This is Thursday. Since Sunday, we’ve had more than 1,000 new cases of the novel coronavirus COVID-19 in Alabama. Let that number sink in. Some of those 1,000-plus new cases will end in death or permanent damage. Our caseloads are going up. They’re not on a plateau. They are increasing, by more than 1,000 in four days.
As I travel to the undisclosed location on UAB’s campus where I work on my upcoming classes, write recommendation letters, and prepare for school in the fall, I’m seeing more and more people on the streets. I don’t think I have ever seen as many people out walking their dogs or just walking, period.
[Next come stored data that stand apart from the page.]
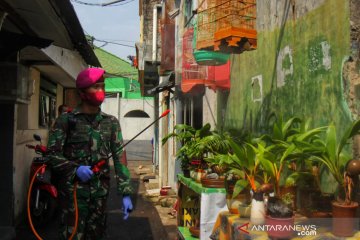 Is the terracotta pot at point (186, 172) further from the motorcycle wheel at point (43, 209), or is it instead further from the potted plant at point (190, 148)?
the motorcycle wheel at point (43, 209)

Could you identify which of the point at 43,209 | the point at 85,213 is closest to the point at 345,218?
the point at 85,213

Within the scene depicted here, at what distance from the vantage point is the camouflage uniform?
12.0ft

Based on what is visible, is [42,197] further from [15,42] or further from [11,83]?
[15,42]

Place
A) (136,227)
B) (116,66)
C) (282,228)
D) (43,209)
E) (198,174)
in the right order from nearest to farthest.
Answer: (282,228) < (198,174) < (43,209) < (136,227) < (116,66)

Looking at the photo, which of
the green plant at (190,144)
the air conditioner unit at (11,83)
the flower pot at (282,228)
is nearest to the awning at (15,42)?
the air conditioner unit at (11,83)

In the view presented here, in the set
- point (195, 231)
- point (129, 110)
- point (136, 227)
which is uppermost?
point (129, 110)

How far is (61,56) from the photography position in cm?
863

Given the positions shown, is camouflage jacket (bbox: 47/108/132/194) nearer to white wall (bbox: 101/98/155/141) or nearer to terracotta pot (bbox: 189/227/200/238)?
terracotta pot (bbox: 189/227/200/238)

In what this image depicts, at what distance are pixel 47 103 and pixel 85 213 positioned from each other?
753 centimetres

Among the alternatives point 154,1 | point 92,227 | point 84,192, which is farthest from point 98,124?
point 154,1

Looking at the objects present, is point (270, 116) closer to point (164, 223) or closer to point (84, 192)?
point (84, 192)

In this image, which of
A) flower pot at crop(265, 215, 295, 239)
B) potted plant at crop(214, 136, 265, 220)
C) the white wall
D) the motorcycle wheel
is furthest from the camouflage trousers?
the white wall

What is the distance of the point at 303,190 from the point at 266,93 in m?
1.74

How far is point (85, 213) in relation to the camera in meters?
3.72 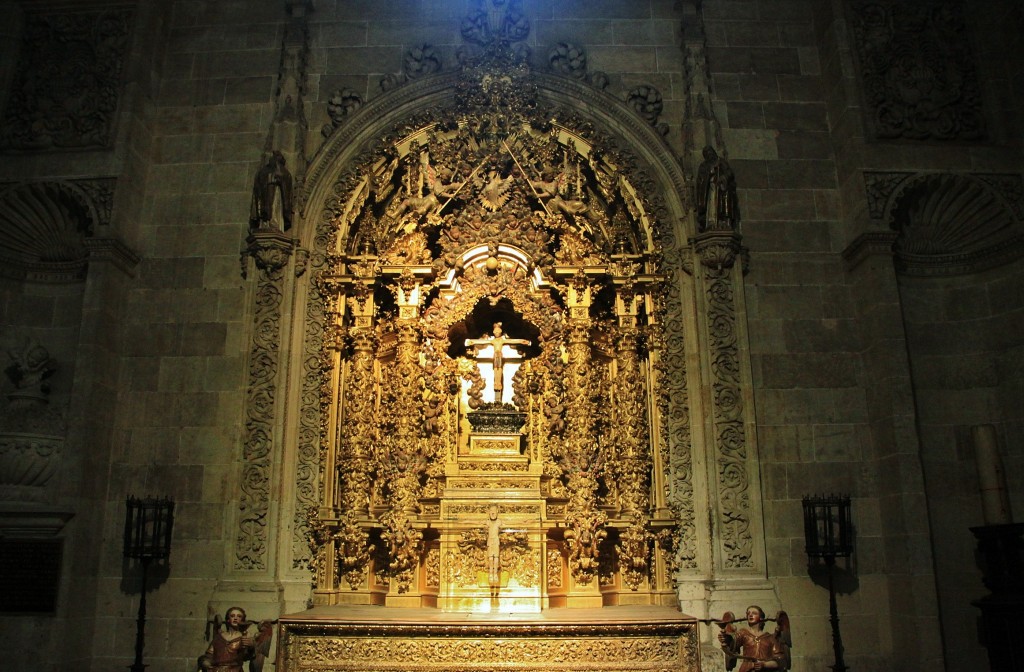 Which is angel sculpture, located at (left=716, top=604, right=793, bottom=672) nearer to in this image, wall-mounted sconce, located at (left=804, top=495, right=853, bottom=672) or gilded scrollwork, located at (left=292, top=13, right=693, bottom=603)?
wall-mounted sconce, located at (left=804, top=495, right=853, bottom=672)

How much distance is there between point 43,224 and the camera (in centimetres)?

When I visit my corner convenience store to buy a bottle of wine or an emergency bag of dog food, I don my mask and disposable gloves. Yet, even though the store’s owners are responsible, requiring social distancing and masks, about half the people I see in the store don’t wear masks. I get in and out quickly, throw my gloves in the garbage can outside and sanitize my hands and car surfaces.
As I was driving around working on this story, fewer than half the people I see on the street or entering big-box stores like Wal-Mart or grocery stores, are bothering to wear masks.
Is it simply cabin fever leading desperate people out onto the streets without protective gear during a world pandemic? Have we just decided that more deaths are worth it to restart the economy? We’re getting close to 100,000 people killed since February across the country.
The feeble response to the pandemic in Washington, D.C., has caused many unnecessary deaths. This is the legacy of the Trump administration: A wrecked economy, and, before it’s over, hundreds of thousands of wrecked families.
I remember Ronald Reagan speaking to the nation after the Challenger explosion, Bill Clinton’s response after the Oklahoma City federal building was bombed, George W. Bush’s empathy after 9/11, Barack Obama’s grief after mass shootings at Sandy Hook in Connecticut and at a church in Charleston, S.C.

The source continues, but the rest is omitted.